I took the hairdryer to the plastic binding again to soften it and shape it back into the creavace and used some medium viscosity cyanoacrylate glue in the slot and pressed it down until it dried. I filled some gaps after hardening with some more cyano glue and then let it sit overnight. I cut away the excess with an exacto knife the next day.

It came out pretty well.

I then polished the frets with my dremel tool and some polishing compound being careful not to overheat the frets.

They came up gleaming but they are pretty worn. So I ordered some fretwire from StewMac as well and will refret the neck. I know I'm supposed to stay faithful to the original to keep its value, but I've decided to replace the fret dots with abalone dots instead. Many of the existing dots are chipped and to replace them with the same plain ones seems a shame. I have abalone on my AmDlx Strat and they just look so beautiful.

Here are the Hofner dots.

Here are the Strat abalone dots.

Part IV.

I've been working on the pickup winder part of the project. I started with a fishing reel thinking I could use the reciprocal action of the reel could scatterwind the pickup. However, the pickup will not fit within the diameter of the reel so all it could do is spin the pickup.

Since a drill could do that just as easily without all the manual work, I decided to look at a drill solution. However, you need to hold the trigger down on a drill and therefore your hands aren't free to guide the wire on the bobbin.

So then I looked at at sewing machine solution. This house is blessed with four (count 'em) FOUR sewing machines. One is an antique, one is borrowed, one is brand new (daughter's Xmas present) and one won't pick up the bobbin thread. So I worked on the sewing machine for a few hours and came up with this.

I like the variable speed but because the bobbin doesn't sit right on the centre of the flywheel, the wire jerks a bit and I'm afraid it might break.

So I'm taking the sewing machine motor off the machine and will mount it on a platform with a belt to a pulley using a stove bolt as an axle. The stove bolt axle will be attached to a block of hardwood at the other end where I have screwed a metal mend plate which will have double sided carpet tape on it. The pickup bobbin will be stuck to the tape. I'm also planning some sort of guide rod that will keep the wire within the thickness of the bobbin. Perhaps a piece of threaded steel with two nuts as the guides. I'll detail that as I build it.

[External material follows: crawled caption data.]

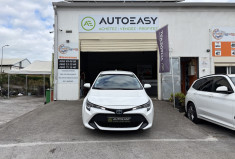 Toyota Corolla 1.8 HYBRIDE 122 DYNAMIC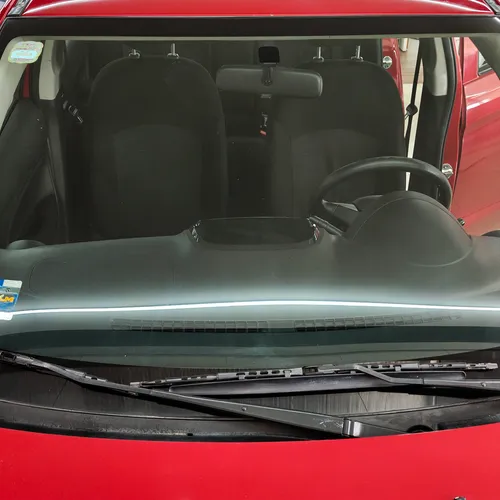 Mitsubishi Mirage 1.2 G4 GLX Cvt
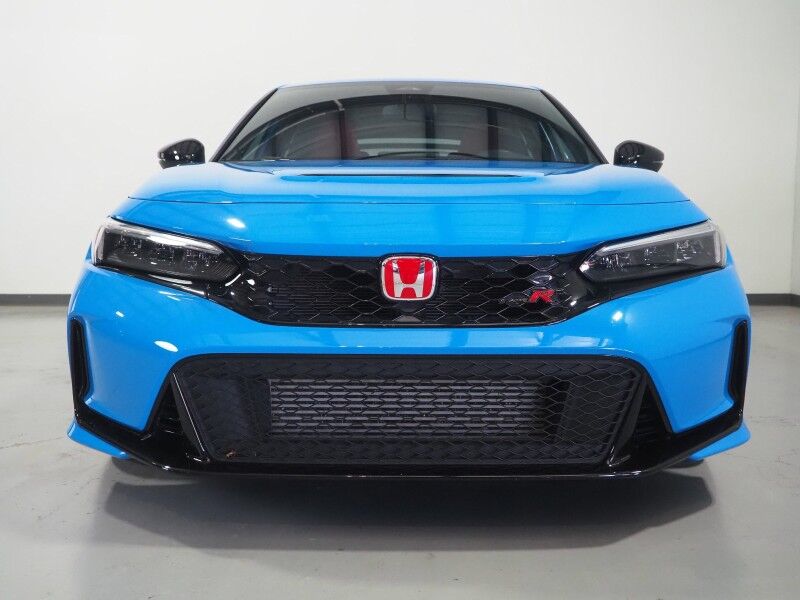 2024 Honda Civic Type R *6-SPD, NAVIGATION, ADAPTIVE CRUISE, SAFETY ALERTS, BACKUP-CAMERA, COLOR TOUCHSCREEN, KEYLESS ENTRY, 19 INCH WHEELS, LED HEADLIGHTS, BOSE, WIRELESS CHARGING, ANDROID & APPLE Round Rock TX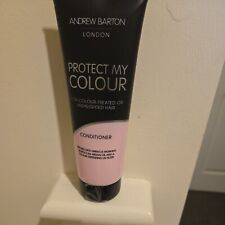 Andrew Barton Protect My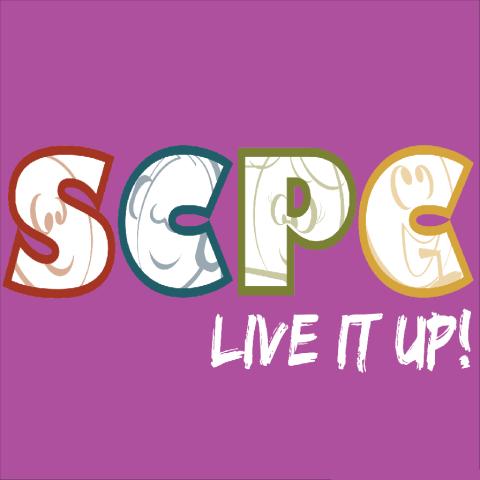 New SCPC Event!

However, the turn counter had me stumped. I had purchased a fishing line length counter but it had too much tension to it and would break the wire. Then I saw this YouTube video and this brilliant solution to the counter:

Windows/Mouse Turn Counter on a drill

What a terrific idea! So I'm buying a cheapo USB mouse and will build some sort of cam device to attach to the pulley. I couldn't clearly see what the guy was using as a switch, but it is obvious it is two pieces of metal that are forced into contact as the cam rotates. So I took apart an old oven thermostat that I had replaced years ago (keep all that junk!) and took out the copper contacts and arranged them into a homemade momentary switch. Why buy new when you can invent something? The copper blades have contacts on one end and spade lugs on the other. I mounted them in a drafting eraser which I cut to expose the lugs and then taped together with vinyl tape.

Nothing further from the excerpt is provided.